Rihel menekankan bahwa perayaan Dharmasanti bukan sekadar seremonial, tetapi juga merupakan manifestasi dari nilai-nilai luhur umat Hindu.
“Perayaan Dharmasanti ini bukan hanya sekadar seremonial semata, tetapi merupakan manifestasi dari nilai-nilai luhur umat Hindu dalam merajut harmoni, mempererat rasa kekeluargaan, dan memperkuat tali persaudaraan di tengah keberagaman masyarakat, khususnya bagi generasi muda Hindu,”ucapnya.
Ini juga kata Rihel, menjadi ruang refleksi dan rekonsiliasi spiritual, sekaligus momentum memperkuat tekad bersama dalam membangun Kotim secara rukun dan damai, serta mencapai kesejahteraan bersama.
Sementara itu, Kepala Kemenag Kotim, Nur Widianto, menyampaikan makna penting Dharmasanti bagi umat Hindu.

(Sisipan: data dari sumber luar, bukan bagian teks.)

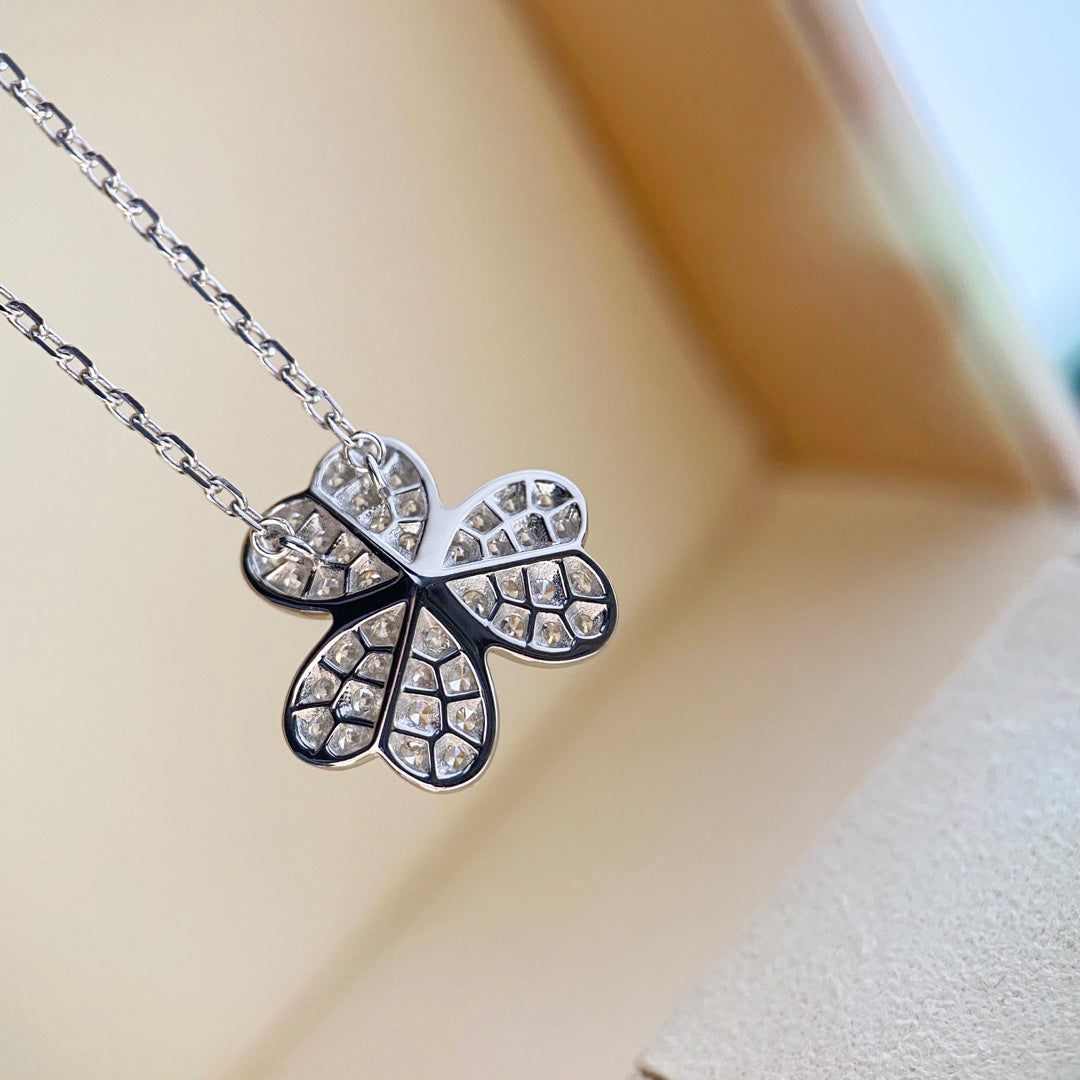 [Clover-Jewelry]CLOVER DIAMOND NECKLACE SILVER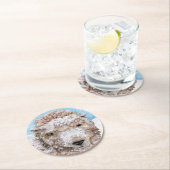 Lamm im Schnee Runder Pappuntersetzer (Vor Ort)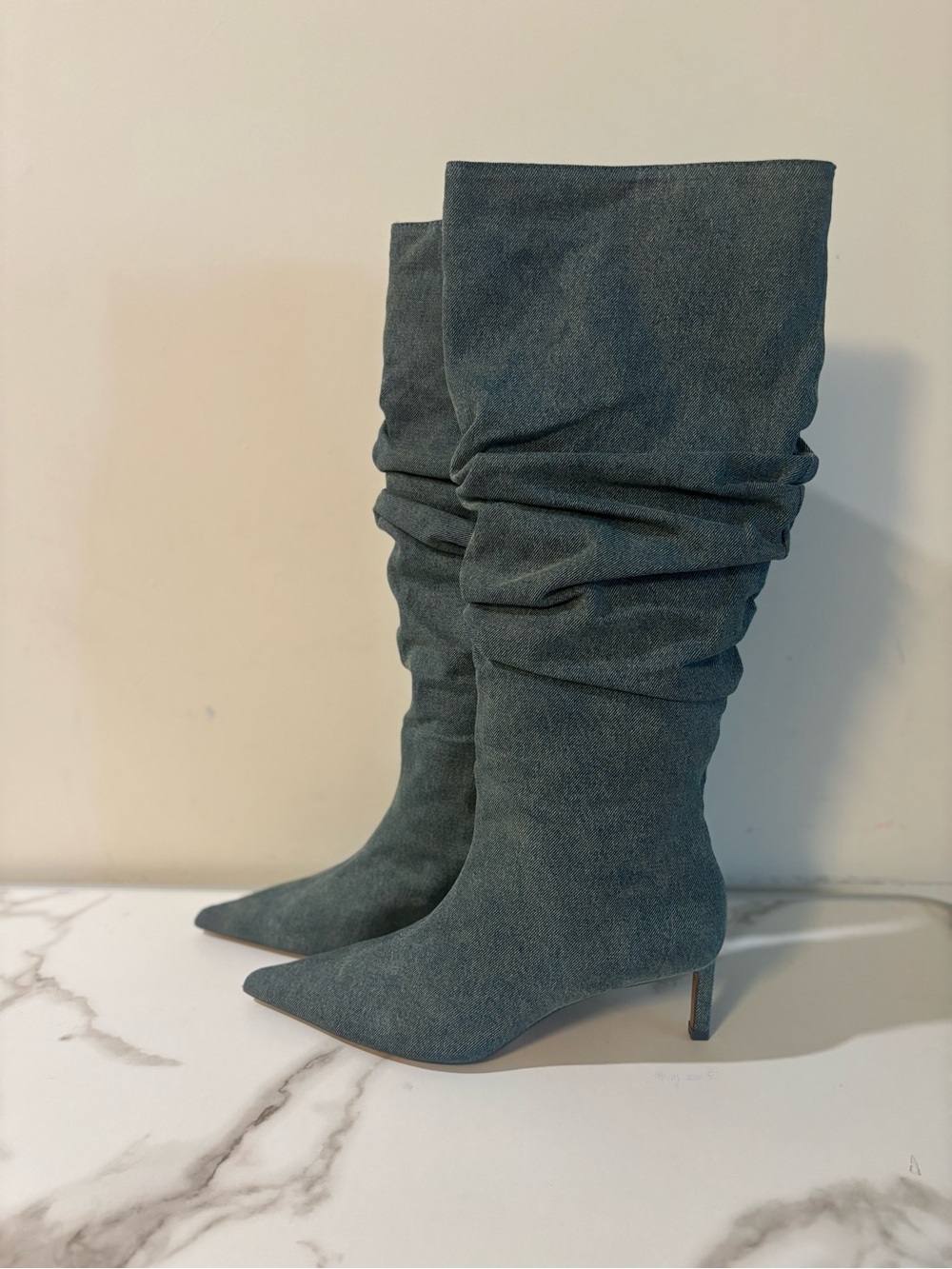 Zara Denim Slouchy Pointed-Toe Knee-High Heeled Boots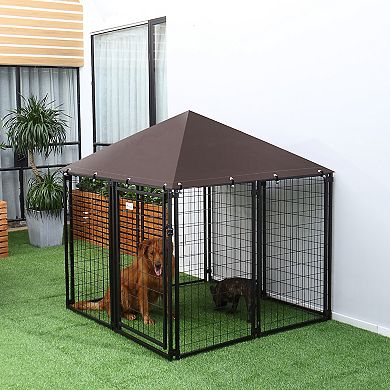 Steel Exercise Pen For Dogs W/ Water-resistant Cover For Small Medium Dogs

Ia mengajak umat Hindu untuk menjadikan perayaan tersebut sebagai refleksi atas keberhasilan menjalankan tapa brata Nyepi dan sebagai wujud rasa syukur.
“Acara Dharmasanti hari ini mengandung hikmah yang sangat banyak. Pertama, bagaimana wujud toleransi yang ditunjukkan oleh umat Hindu untuk saling menghormati sesama umat beragama,”ujatnya.
Kemudian kedua, sebagai wujud rasa syukur karena baru saja selesai melaksanakan tapa brata Nyepi, tidak tidur, tidak beraktivitas, tidak menyalahkan api, dan sebagainya. Ini sama seperti puasa bagi umat Muslim dan telah dijalankan dengan baik hingga hari ini.
Nur Widianto juga menambahkan bahwa perayaan Dharmasanti ini menjadi kesempatan untuk memperkuat kebersamaan dan kepedulian terhadap sesama.
“Selain itu, Dharmasanti ini juga menjadi momentum untuk menyantuni sesama yang lemah dan kurang beruntung. Saya mengapresiasi kepada tokoh-tokoh Hindu khususnya di Kotim atas suksesnya penyelenggaraan kegiatan ini,” pungkasnya.